Instead of choosing to take less offensive production from a player who had the defensive repetitions to handle first base right away, Candelario has been forced to learn the position on the fly. He does have experience playing the position in the minors but has played third base almost exclusively for the Detroit Tigers and has done a great job doing so. In 2020, “Candy” produced 2 Defensive Runs Saved according to Baseball-Reference as well as 2 Outs Above Average according to Statcast both of which suggest he is an above-average defensive third baseman.
The frustration is with Cron’s injury and Candelario moving to first is not only that Candelario is now put in a position where he is less successful, but also that the team opted for Willi Castro at third. In the minor leagues, Castro had played exactly one game at third base leading up to his six games there this year. While it is just a back-up role and while the shift from shortstop to third base is not dramatic, it is yet another instance where the team is putting a player in a position where they are bound to have less success. The throw which pulled Candelario off the bag at first Monday night while frustrating was not surprising for this reason.
This is not meant to be an overreaction to one play; I fully recognize it was one play in one game that likely did not influence the overall outcome in the game. Nor is it an indictment on Candelario or Castro’s play as they are just playing where they are told.

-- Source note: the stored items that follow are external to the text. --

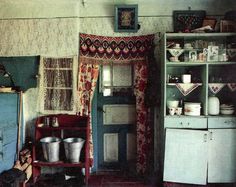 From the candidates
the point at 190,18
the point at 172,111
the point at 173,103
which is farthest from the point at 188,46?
the point at 172,111

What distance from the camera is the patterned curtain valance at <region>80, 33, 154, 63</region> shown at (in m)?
4.42

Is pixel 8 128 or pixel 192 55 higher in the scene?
pixel 192 55

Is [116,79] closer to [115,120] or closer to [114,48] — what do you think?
[114,48]

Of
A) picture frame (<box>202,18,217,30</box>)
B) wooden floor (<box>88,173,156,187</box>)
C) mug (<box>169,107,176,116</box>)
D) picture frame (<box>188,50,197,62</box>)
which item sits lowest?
wooden floor (<box>88,173,156,187</box>)

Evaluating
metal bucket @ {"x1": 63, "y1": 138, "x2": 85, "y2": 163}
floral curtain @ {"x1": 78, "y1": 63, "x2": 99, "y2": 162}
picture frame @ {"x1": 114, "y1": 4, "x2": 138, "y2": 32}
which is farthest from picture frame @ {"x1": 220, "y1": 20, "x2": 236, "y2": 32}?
metal bucket @ {"x1": 63, "y1": 138, "x2": 85, "y2": 163}

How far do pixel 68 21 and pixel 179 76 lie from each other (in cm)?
193

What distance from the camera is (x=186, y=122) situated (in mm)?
3994

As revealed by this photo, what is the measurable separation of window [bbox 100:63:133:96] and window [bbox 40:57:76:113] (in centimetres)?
54

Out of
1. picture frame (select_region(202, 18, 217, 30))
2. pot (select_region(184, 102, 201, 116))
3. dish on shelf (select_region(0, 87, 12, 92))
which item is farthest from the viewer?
picture frame (select_region(202, 18, 217, 30))

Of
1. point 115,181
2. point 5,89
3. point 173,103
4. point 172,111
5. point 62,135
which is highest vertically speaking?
point 5,89

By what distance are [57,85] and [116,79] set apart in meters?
0.95

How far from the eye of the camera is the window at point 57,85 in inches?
174

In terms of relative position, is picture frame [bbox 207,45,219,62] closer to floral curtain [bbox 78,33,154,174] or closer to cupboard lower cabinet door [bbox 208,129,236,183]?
floral curtain [bbox 78,33,154,174]

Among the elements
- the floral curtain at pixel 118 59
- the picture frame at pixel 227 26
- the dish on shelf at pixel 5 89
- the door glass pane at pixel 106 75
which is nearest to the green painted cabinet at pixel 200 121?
the picture frame at pixel 227 26
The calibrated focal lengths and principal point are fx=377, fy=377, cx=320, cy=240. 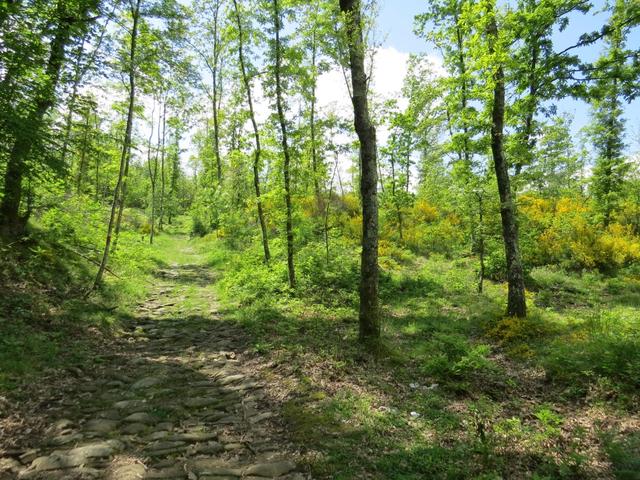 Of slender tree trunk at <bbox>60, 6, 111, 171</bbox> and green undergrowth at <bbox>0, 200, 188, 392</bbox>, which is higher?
slender tree trunk at <bbox>60, 6, 111, 171</bbox>

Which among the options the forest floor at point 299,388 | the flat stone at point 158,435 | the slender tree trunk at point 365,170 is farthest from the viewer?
the slender tree trunk at point 365,170

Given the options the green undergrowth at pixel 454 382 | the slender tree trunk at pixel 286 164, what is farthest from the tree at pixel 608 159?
the slender tree trunk at pixel 286 164

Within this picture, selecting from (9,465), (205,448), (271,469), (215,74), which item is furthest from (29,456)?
(215,74)

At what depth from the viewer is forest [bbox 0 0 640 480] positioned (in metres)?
4.40

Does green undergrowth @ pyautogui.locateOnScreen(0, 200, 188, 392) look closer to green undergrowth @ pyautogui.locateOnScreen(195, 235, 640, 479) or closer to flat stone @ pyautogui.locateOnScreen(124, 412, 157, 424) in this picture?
flat stone @ pyautogui.locateOnScreen(124, 412, 157, 424)

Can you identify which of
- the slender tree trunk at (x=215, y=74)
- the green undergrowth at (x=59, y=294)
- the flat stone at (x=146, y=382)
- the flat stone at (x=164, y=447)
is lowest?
the flat stone at (x=164, y=447)

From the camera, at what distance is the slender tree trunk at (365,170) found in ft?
24.5

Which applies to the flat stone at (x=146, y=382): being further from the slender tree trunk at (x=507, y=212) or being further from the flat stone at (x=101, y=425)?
the slender tree trunk at (x=507, y=212)

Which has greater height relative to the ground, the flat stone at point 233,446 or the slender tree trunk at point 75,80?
the slender tree trunk at point 75,80

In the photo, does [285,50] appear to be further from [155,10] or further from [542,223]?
[542,223]

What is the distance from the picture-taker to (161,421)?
506 centimetres

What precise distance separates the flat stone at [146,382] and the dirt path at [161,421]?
16 millimetres

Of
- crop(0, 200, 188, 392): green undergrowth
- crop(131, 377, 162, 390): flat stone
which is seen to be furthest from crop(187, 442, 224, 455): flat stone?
crop(0, 200, 188, 392): green undergrowth

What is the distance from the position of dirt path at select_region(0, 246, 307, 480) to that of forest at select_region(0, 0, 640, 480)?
0.04 m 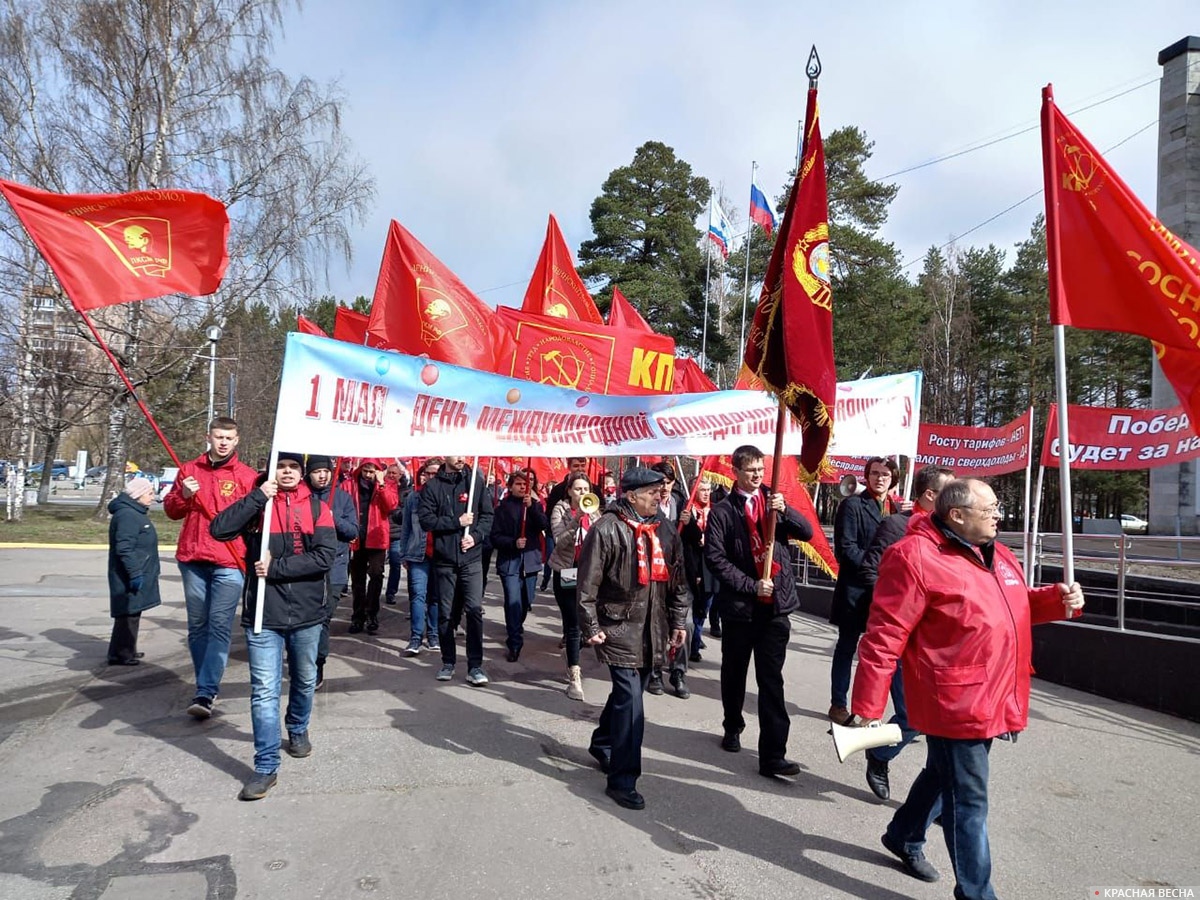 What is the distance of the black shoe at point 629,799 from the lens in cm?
423

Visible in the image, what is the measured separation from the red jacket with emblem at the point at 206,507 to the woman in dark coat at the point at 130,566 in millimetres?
1219

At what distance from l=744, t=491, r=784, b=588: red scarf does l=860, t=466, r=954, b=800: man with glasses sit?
24.7 inches

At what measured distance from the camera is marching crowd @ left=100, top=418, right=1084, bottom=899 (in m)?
3.14

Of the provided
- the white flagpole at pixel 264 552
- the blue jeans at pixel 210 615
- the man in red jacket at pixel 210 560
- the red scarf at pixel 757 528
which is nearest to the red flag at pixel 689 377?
the red scarf at pixel 757 528

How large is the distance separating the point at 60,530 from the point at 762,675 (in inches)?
791

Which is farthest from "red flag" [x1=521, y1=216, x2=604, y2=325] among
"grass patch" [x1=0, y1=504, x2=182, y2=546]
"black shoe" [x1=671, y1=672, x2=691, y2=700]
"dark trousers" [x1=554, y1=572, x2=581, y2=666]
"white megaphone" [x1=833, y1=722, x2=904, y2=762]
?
"grass patch" [x1=0, y1=504, x2=182, y2=546]

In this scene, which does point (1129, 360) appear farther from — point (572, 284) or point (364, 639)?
point (364, 639)

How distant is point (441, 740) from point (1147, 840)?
4020 mm

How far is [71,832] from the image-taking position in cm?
373

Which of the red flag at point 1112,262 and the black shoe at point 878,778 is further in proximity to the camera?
the black shoe at point 878,778

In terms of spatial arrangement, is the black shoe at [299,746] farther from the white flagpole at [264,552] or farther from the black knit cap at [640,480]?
the black knit cap at [640,480]

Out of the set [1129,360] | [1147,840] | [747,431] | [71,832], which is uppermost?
[1129,360]

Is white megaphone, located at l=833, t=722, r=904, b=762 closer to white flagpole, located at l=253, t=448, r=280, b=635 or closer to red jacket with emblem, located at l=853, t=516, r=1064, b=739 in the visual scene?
red jacket with emblem, located at l=853, t=516, r=1064, b=739

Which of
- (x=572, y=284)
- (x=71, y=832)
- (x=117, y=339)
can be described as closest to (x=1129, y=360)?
(x=572, y=284) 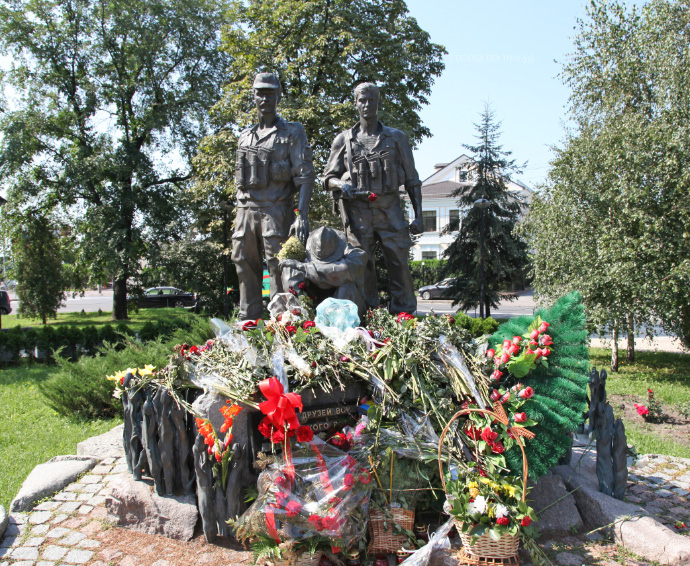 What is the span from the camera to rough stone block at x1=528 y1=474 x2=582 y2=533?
405cm

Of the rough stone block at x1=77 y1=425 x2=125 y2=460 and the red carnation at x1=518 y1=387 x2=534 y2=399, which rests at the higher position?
the red carnation at x1=518 y1=387 x2=534 y2=399

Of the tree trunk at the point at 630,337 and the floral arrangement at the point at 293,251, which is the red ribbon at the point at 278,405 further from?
the tree trunk at the point at 630,337

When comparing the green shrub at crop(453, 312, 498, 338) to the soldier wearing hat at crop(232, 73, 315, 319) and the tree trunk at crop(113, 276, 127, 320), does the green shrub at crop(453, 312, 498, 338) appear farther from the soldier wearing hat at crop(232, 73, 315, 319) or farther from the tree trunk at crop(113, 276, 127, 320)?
the tree trunk at crop(113, 276, 127, 320)

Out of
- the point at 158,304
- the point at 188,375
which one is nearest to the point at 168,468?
the point at 188,375

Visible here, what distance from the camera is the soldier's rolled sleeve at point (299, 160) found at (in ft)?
19.8

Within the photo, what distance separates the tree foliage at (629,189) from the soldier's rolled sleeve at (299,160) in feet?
21.0

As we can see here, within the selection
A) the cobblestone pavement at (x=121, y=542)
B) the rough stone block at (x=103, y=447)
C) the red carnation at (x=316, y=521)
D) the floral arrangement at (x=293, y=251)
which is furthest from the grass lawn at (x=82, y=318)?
the red carnation at (x=316, y=521)

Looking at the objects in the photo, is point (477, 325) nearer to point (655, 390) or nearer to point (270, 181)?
point (655, 390)

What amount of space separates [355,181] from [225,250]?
1261 centimetres

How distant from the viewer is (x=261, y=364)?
395cm

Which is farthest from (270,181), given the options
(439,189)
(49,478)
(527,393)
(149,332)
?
(439,189)

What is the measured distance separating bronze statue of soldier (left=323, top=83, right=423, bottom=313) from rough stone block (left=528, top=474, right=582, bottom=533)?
8.14ft

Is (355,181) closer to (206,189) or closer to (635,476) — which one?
(635,476)

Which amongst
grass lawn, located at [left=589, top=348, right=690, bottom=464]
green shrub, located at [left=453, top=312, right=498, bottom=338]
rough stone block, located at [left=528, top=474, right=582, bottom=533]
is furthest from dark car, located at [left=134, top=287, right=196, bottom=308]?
rough stone block, located at [left=528, top=474, right=582, bottom=533] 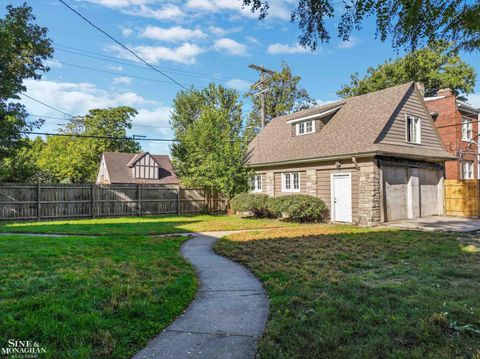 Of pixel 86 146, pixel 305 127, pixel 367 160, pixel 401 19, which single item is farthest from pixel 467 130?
pixel 86 146

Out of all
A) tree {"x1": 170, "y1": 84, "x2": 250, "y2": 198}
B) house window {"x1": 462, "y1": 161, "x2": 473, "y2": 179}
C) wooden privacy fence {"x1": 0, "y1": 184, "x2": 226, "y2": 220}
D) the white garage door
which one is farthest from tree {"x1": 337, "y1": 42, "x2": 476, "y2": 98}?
wooden privacy fence {"x1": 0, "y1": 184, "x2": 226, "y2": 220}

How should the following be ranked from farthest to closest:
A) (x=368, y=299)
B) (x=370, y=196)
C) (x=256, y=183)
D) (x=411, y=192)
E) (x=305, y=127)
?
1. (x=256, y=183)
2. (x=305, y=127)
3. (x=411, y=192)
4. (x=370, y=196)
5. (x=368, y=299)

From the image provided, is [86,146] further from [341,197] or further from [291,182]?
[341,197]

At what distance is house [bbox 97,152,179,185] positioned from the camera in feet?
120

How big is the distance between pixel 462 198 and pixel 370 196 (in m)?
7.54

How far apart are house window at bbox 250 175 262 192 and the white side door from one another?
6029 millimetres

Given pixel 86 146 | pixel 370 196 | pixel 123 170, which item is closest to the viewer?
pixel 370 196

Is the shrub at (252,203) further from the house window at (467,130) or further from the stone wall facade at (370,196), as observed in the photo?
the house window at (467,130)

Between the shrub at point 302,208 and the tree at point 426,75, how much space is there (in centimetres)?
2141

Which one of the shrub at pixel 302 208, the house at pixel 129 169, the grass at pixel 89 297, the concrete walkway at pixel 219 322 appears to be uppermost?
the house at pixel 129 169

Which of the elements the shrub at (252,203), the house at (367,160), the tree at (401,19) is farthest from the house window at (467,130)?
the tree at (401,19)

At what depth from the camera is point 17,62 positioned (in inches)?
687

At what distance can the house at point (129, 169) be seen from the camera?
1439 inches

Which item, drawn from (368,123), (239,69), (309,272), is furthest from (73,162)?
(309,272) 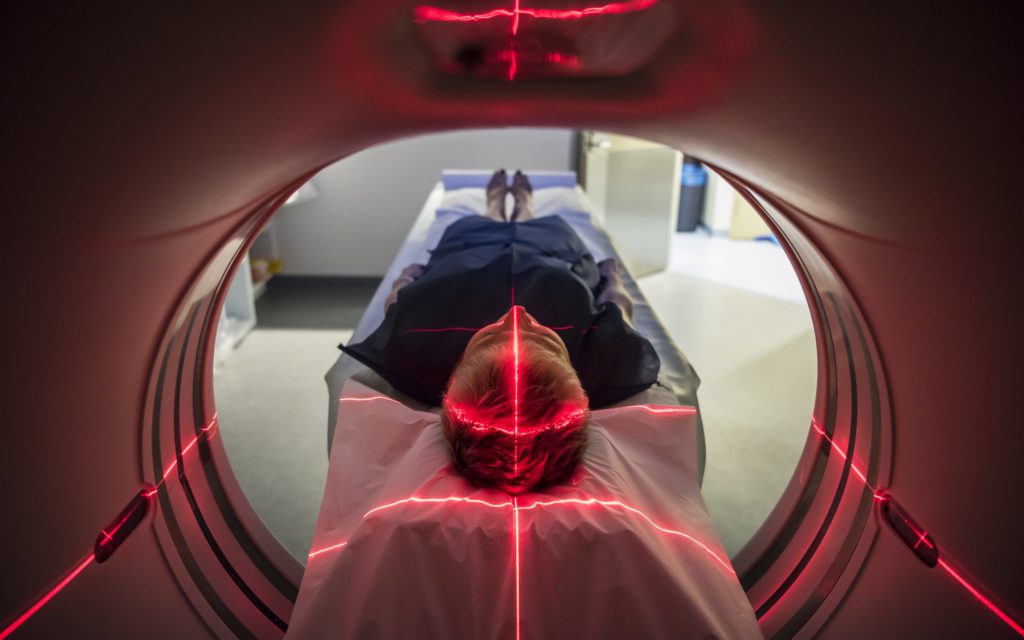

It is, however, a microcosm of the Detroit Tigers’ obsession with versatility, as I outlined last month. Putting their players in the best position to succeed is not only a way to build good rapport (I am sure it played a factor in Jordy Mercer electing free agency), but it is also the best way to get outs and win baseball games; something they were not able to execute Monday night. That play gets made with Cron at first and Candelario at third.